Abstract
Objective
To analyze remodeling processes after advanced core decompression (ACD) in patients with avascular femoral head necrosis by means of 3T MRI and to identify indicators for clinical outcome considering the defect size and characteristics of the bone graft and of the neighboring regeneration tissue.
Materials and methods
Thirty-four hips, with preexisting preoperative MRIs in 21 cases, were examined 1–34 months (mean 12.7) postoperatively by 3T MRI. The volume of necrosis was measured manually pre- and postoperatively to calculate absolute as well as percentage necrosis reduction. The signal intensity of the bone graft was quantified using a 4-point scale. Border phenomena between the bone graft and bone were described and classified into groups.

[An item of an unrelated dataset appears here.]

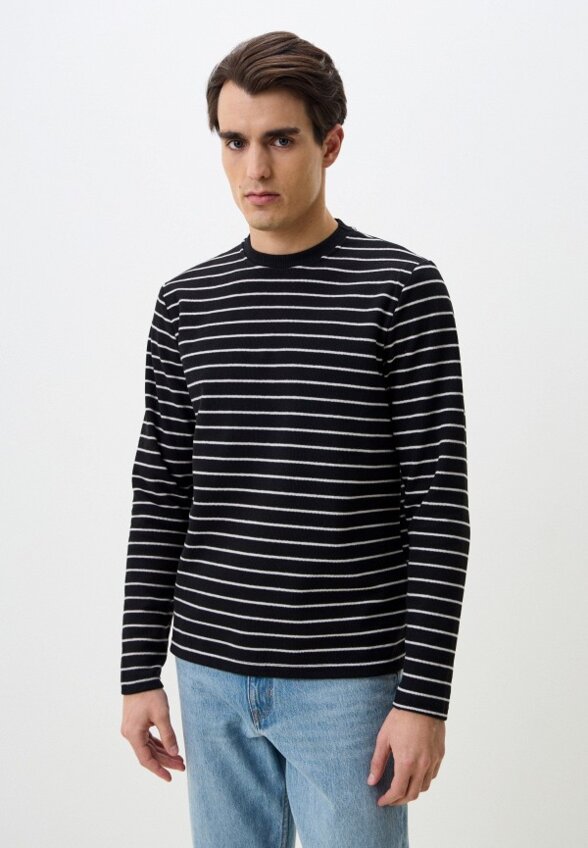 Лонгслив Koton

Wilcoxon sign-rank test was used to identify correlations between the analyzed items and clinical signs of femoral head collapse after a mean follow-up time of 28.6 months (10.4–46.8).
Results
Mean percentage reduction of necrosis was significantly higher in asymptomatic patients (59.36 %) compared to patients with signs of femoral head collapse (28.78 %, p = 0.008). Signal intensity of the bone graft increased in T1w and T2w TIRM sequences over time after surgery and was significantly higher in asymptomatic patients. Five border phenomena between the bone graft and healthy bone were identified. Among them, the so-called “rail sign” representing three layers of remodeling tissue correlated with the histological observations.
Conclusion
A variety of border phenomena representing remodeling processes have been described using 3T MRI. Beneath the percentage amount of necrosis reduction, we identified the signal intensity of the bone graft as an indicator for clinical outcome.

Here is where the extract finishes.